= Larry LeBlanc =

Canadian journalist

Larry LeBlanc is a music journalist who wrote hundreds of articles about the music industry in Canada as the Canadian bureau chief of Billboard as well as a number of other publications, and contributed to the development of the National Music Centre in Calgary. He is currently senior writer of the weekly U.S. entertainment trade CelebrityAccess, where he is responsible for the series "In The Hot Seat". He is the recipient of a 2013 Juno Special Achievement Award.

==Career==
In the 1970s, LeBlanc was a correspondent for Rolling Stone magazine. In 1973 and 1974, LeBlanc was a writer for the Ian Tyson Show.

From 1970 to 1980, LeBlanc edited Canadian articles for the magazine Record World. During the late 1970s and early 1980s he hosted the Sunday afternoon radio program Backstage Pass on Q107 in Toronto, where he introduced many New Wave and Punk acts to his audience. In 1981, he co-founded the music industry magazine The Record.

LeBlanc was the Canadian bureau chief for Billboard Magazine from 1991 to 2007.

In 2010 LeBlanc co-authored the book "Music From Far And Wide: Celebrating 40 Years Of The Juno Awards" with Karen Bliss, Nick Krewen, and Jason Schneider, released by Key Porter Books.

In 2013 LeBlanc was presented with a 2013 Juno Walt Grealis Special Achievement Award for his contributions to the Canadian music industry.

In 2015 LeBlanc worked as a consultant during the development of the new National Music Centre in Calgary, Alberta.

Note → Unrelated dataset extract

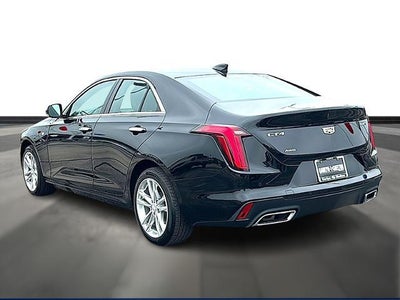 2026 Cadillac CT4 4dr Sdn Luxury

In 2016 he was a writer for the magazine Celebrity Access and also hosted a show on CBC Radio entitled "Larry and the three Wise Men".

Currently LeBlanc is the senior writer of the weekly U.S. entertainment trade CelebrityAccess, where he is responsible for the series "In The Hot Seat". Additionally he was a six-year board member of the Mariposa Folk Festival in Orillia, Ontario, and a Lifetime Member of the Songwriters Hall of Fame.